Stored data
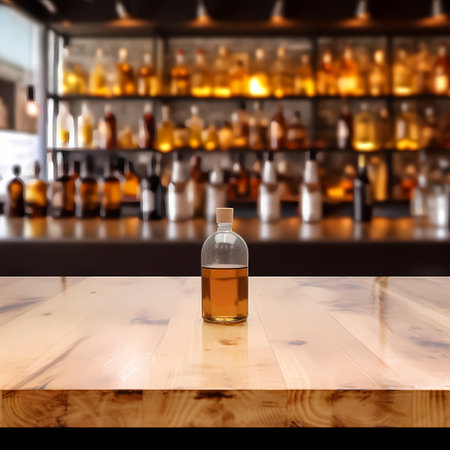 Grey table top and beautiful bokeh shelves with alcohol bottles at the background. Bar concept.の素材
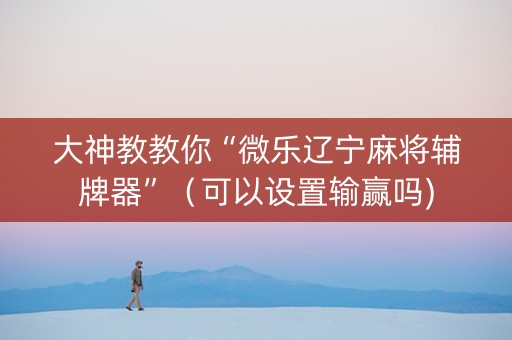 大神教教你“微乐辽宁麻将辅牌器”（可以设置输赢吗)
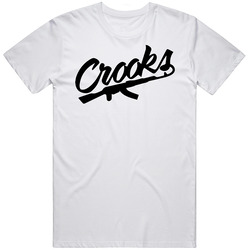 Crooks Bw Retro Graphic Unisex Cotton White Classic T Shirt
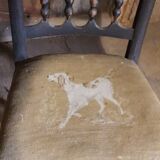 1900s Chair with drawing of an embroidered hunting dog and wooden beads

--

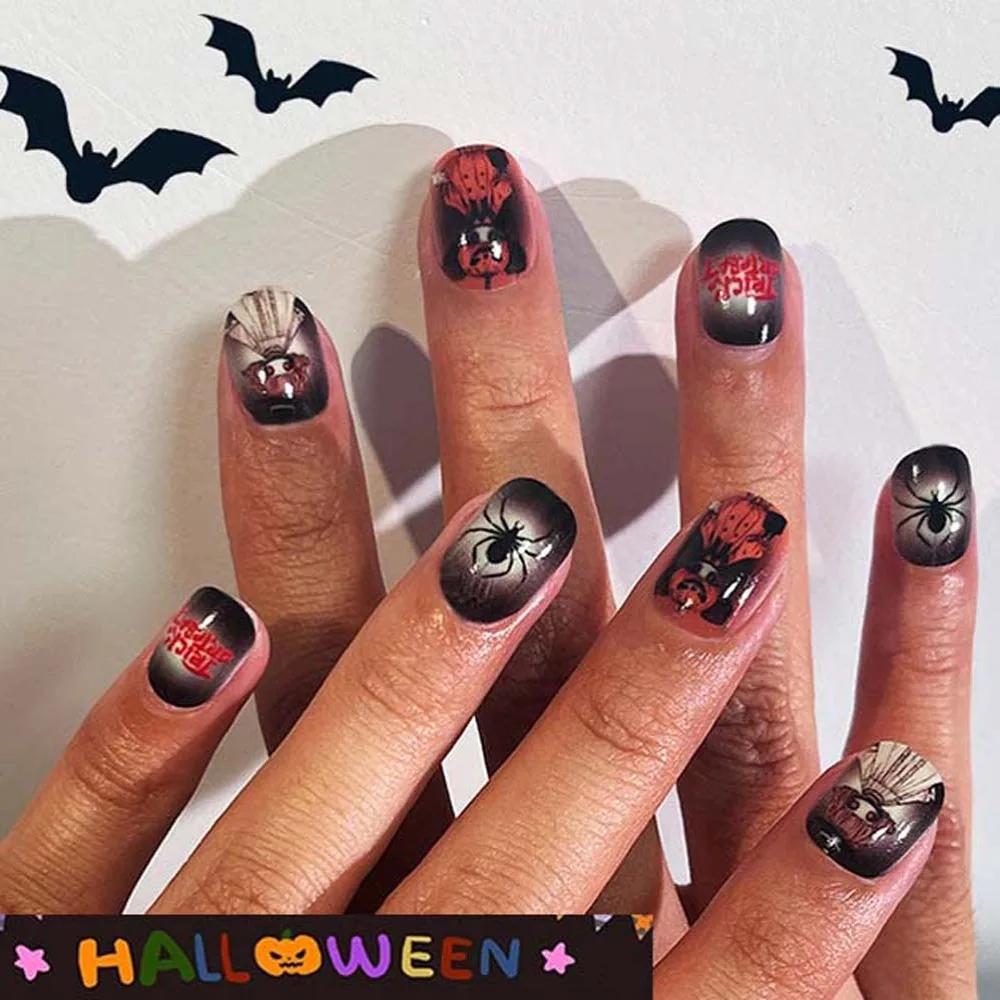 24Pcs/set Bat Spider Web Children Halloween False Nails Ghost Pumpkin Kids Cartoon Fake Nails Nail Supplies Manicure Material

* * *

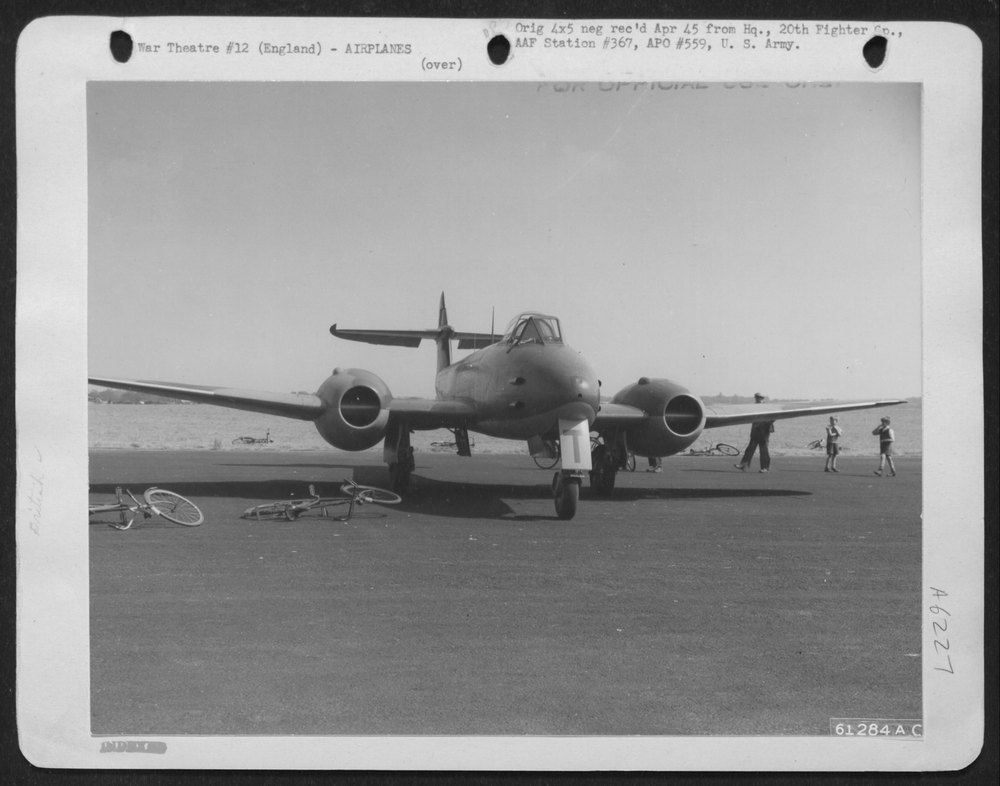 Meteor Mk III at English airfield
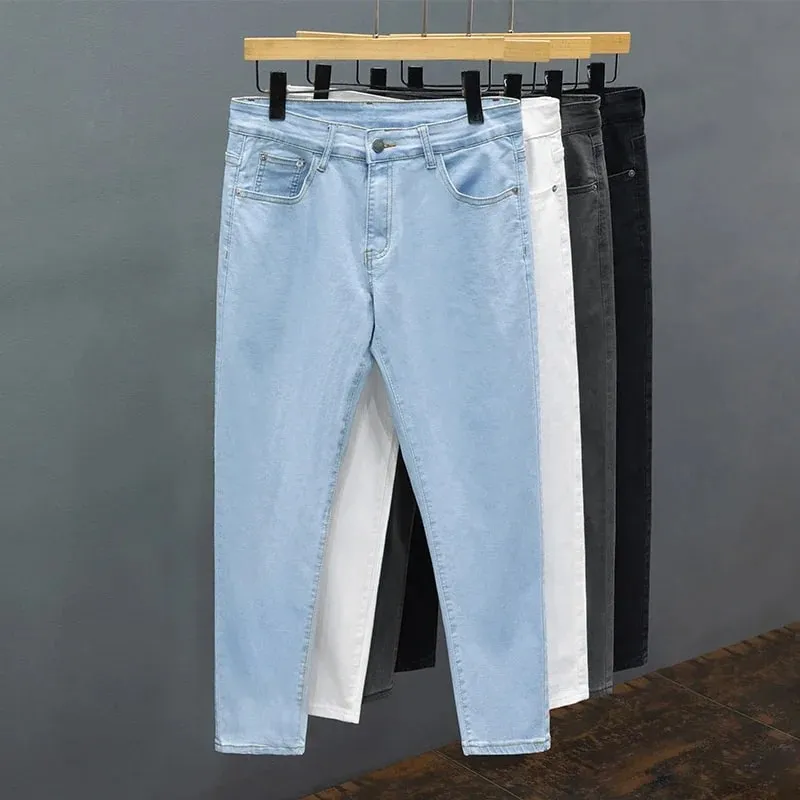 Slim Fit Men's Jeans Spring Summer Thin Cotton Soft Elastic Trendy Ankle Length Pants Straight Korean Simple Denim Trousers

Problem details
Only one stretch of the material above is wanted: the line containing "Grey table top" through the line containing "1900s Chair with". Restate it word for word, minus the pictures.

Answer section
 Grey table top and beautiful bokeh shelves with alcohol bottles at the background. Bar concept.の素材
 大神教教你“微乐辽宁麻将辅牌器”（可以设置输赢吗)
 Crooks Bw Retro Graphic Unisex Cotton White Classic T Shirt
 1900s Chair with drawing of an embroidered hunting dog and wooden beads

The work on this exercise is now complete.